* _Prompt_: The answer is the line containing "2025 TESLA MODEL Y 7SAYGDEE7SF307215 Photo 6" plus every line after it to the end of the material, retyped exactly and without the pictures.

*** Data shown

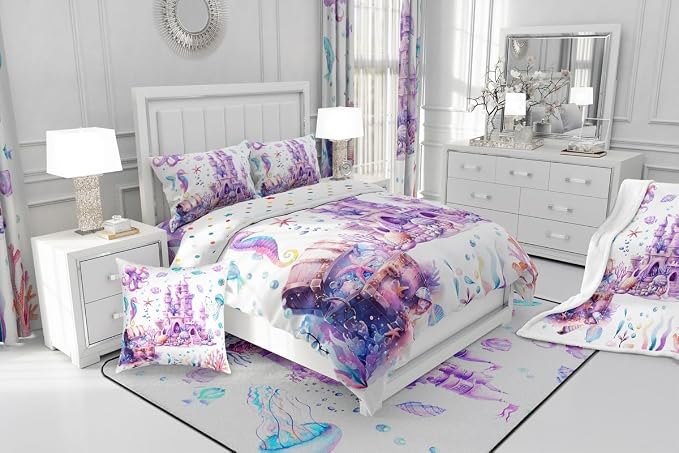 Manfei Dreamy Castle Twin Size Comforter Set,Kawaii Fairy Tale Purple Quilt Set Soft Bed Collection,Watercolor Coral Sealife Bedding Comforter for Boys Girls Room Decor,2 Pcs - Image 6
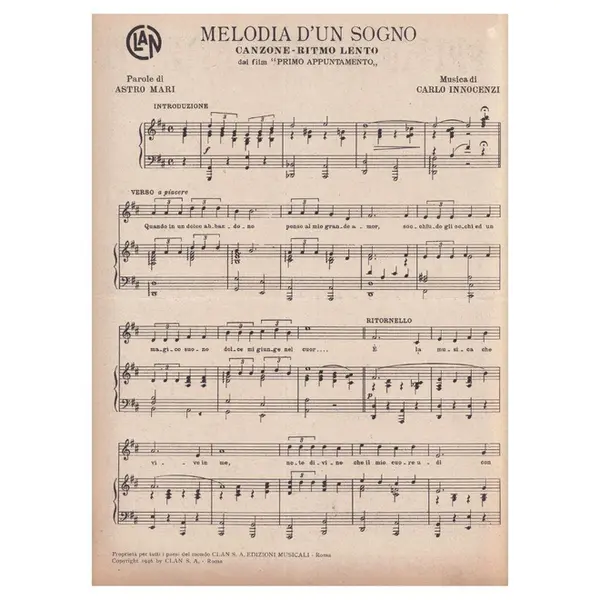 Melodia D'un Sogno - Canzone Slow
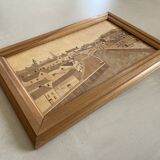 Wood marquetry table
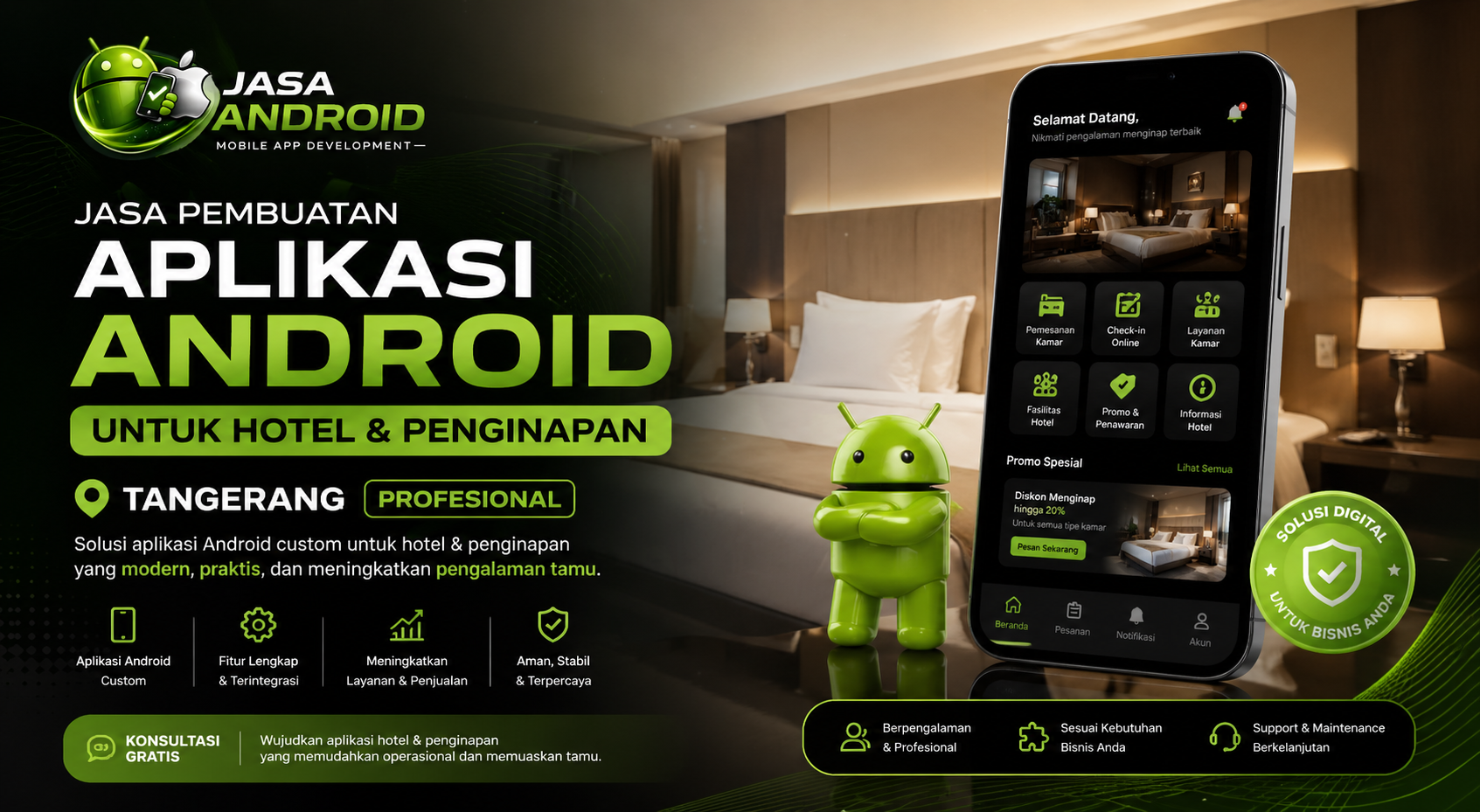 Jasa Pembuatan Aplikasi Android untuk Hotel & Penginapan Tangerang Profesional
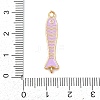 Brass Enamel Fish Connector Charms KK-L255-15G-01-3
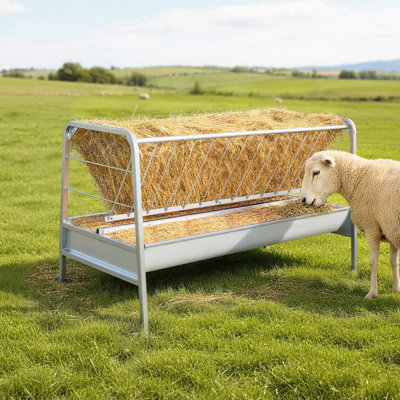 Livestock Hay Feeder, 2 in 1 Grain & Hay Feeder, 80-Gallon Capacity, 57.9" Long Goat Pasture Feeding with Deeper Feeding Pan, Heavy Duty Steel Grain Holder for Sheep Sheds, Farms, Horse Barns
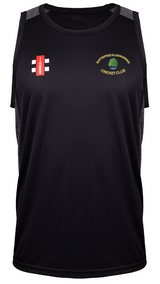 The Gray Nicolls Bartestree & Lugwardine CC Pro Performance Vest is a sleeveless black cricket training shirt with moisture-wicking fabric, a red and white logo on the right chest, and the club's yellow-green tree logo on the left.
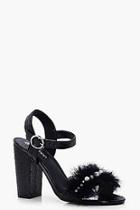 Boohoo Grace Glitter And Feather Detail Heels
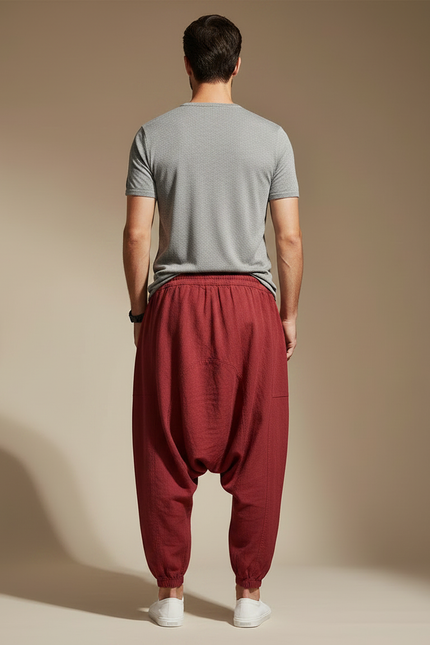 Pantalon Chinois Harem Lin Rouge Cordon Ample Homme - Bordeaux - vue 2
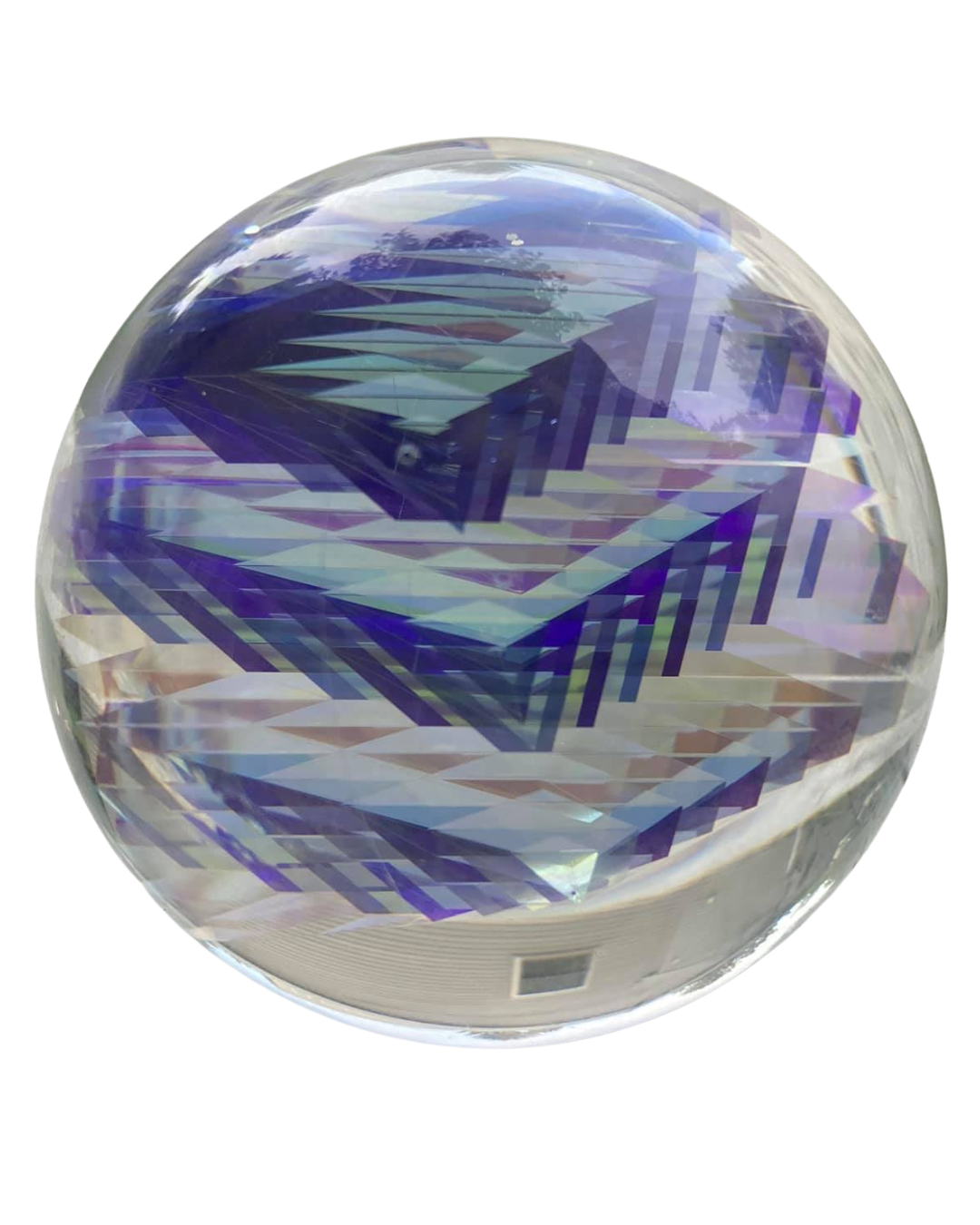 chevron pattered art glass globe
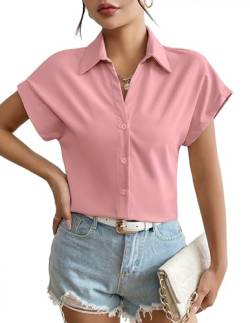 Weardear Bluse Damen Kurzarm Büroblusen Slim Fit Hemdbluse Basic Shirt mit Knopleiste Elegant Oberteile V-Ausschnitt Tops Rosa m von Weardear
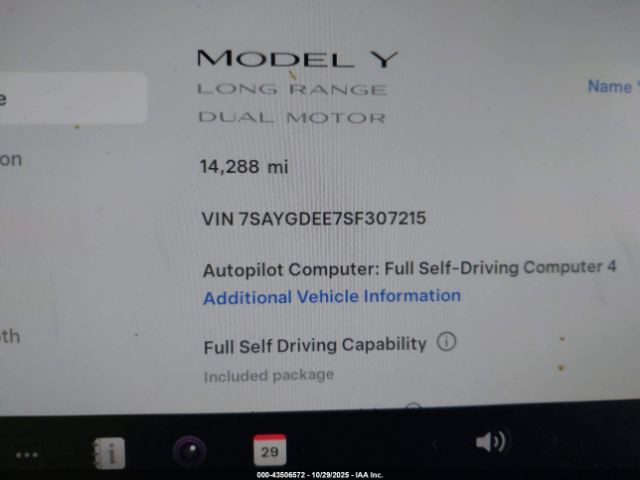 2025 TESLA MODEL Y 7SAYGDEE7SF307215 Photo 6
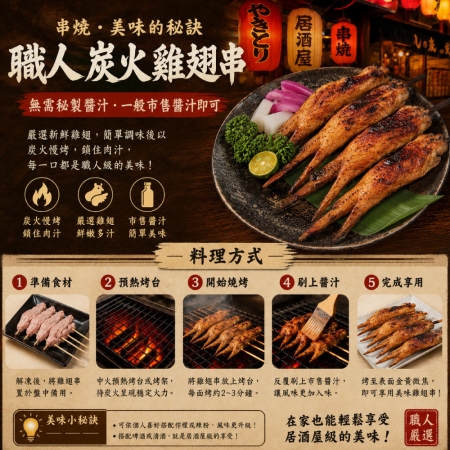 【約克街肉舖】台灣雞翅串（70g±10%/串/2串1包）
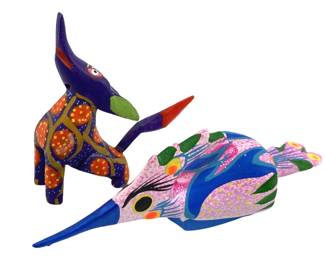 2pc Oaxaca Mexican Folk Art Spirit Animals
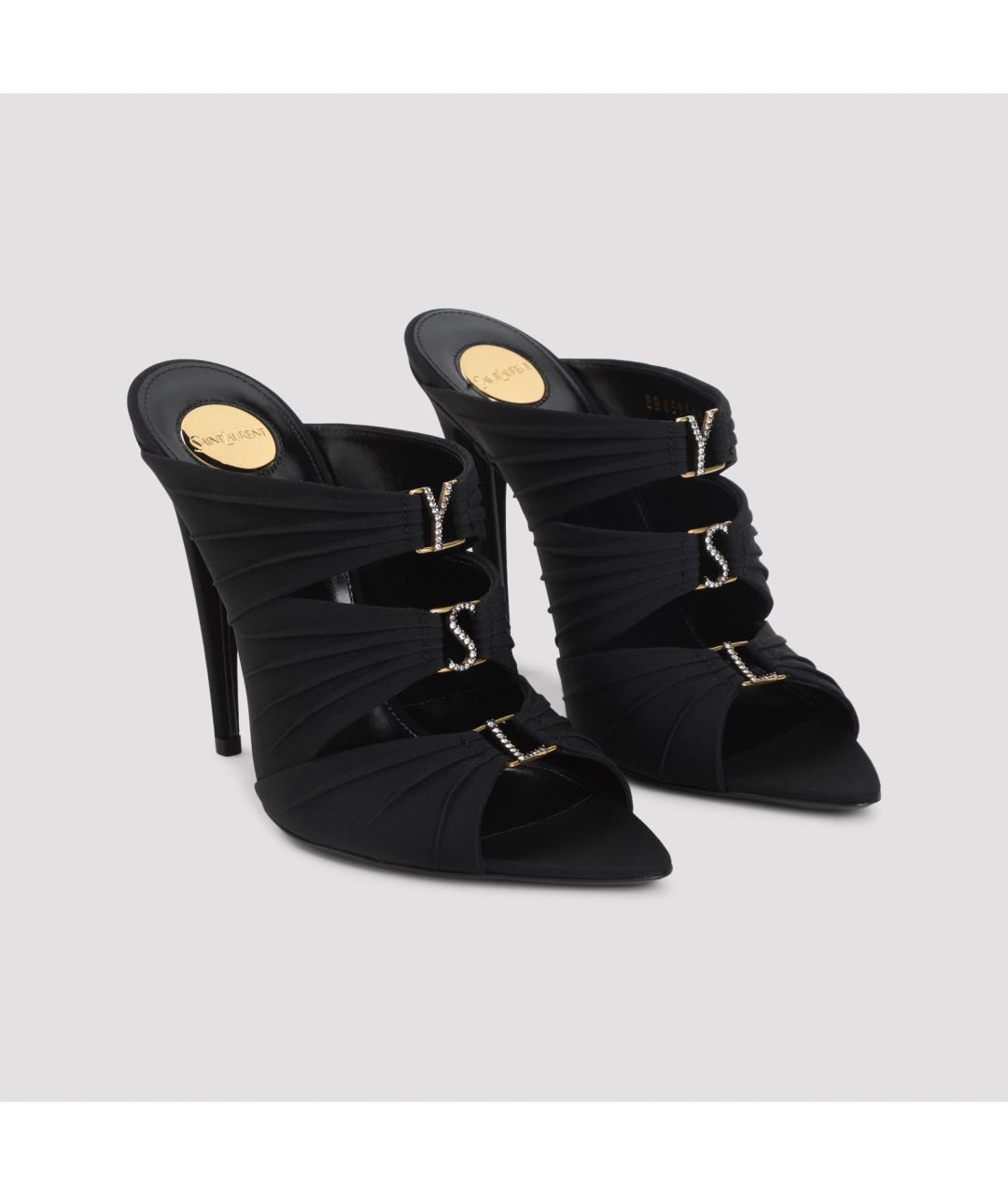 SAINT LAURENT Черные синтетические босоножки, фото 5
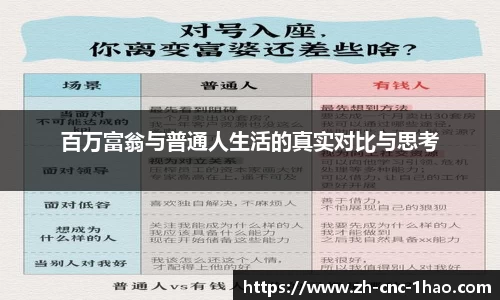 百万富翁与普通人生活的真实对比与思考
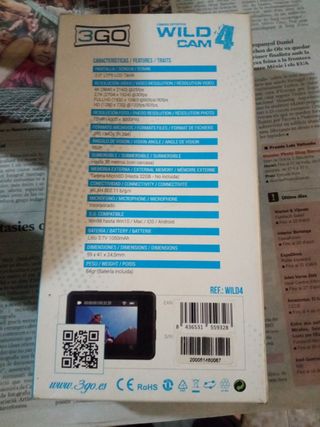 Cámara deportiva 4k 3go Wild cam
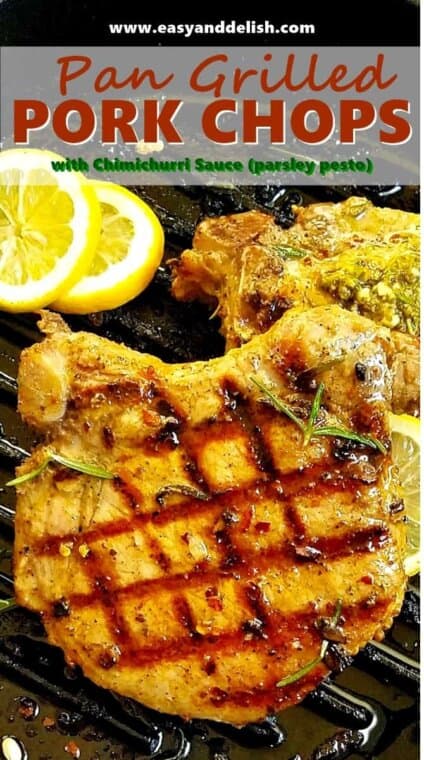 Pan Grilled Pork Chops with Chimichurri Sauce - Easy and Delish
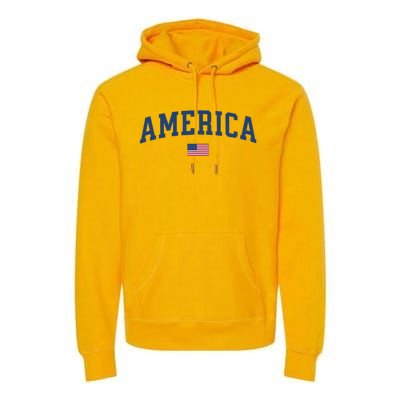 America Usa Women American Flag Premium Hoodie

******

* _Solution for this problem_:
 2025 TESLA MODEL Y 7SAYGDEE7SF307215 Photo 6
 【約克街肉舖】台灣雞翅串（70g±10%/串/2串1包）
 2pc Oaxaca Mexican Folk Art Spirit Animals
 SAINT LAURENT Черные синтетические босоножки, фото 5
 百万富翁与普通人生活的真实对比与思考
 Cámara deportiva 4k 3go Wild cam
 Pan Grilled Pork Chops with Chimichurri Sauce - Easy and Delish
 America Usa Women American Flag Premium Hoodie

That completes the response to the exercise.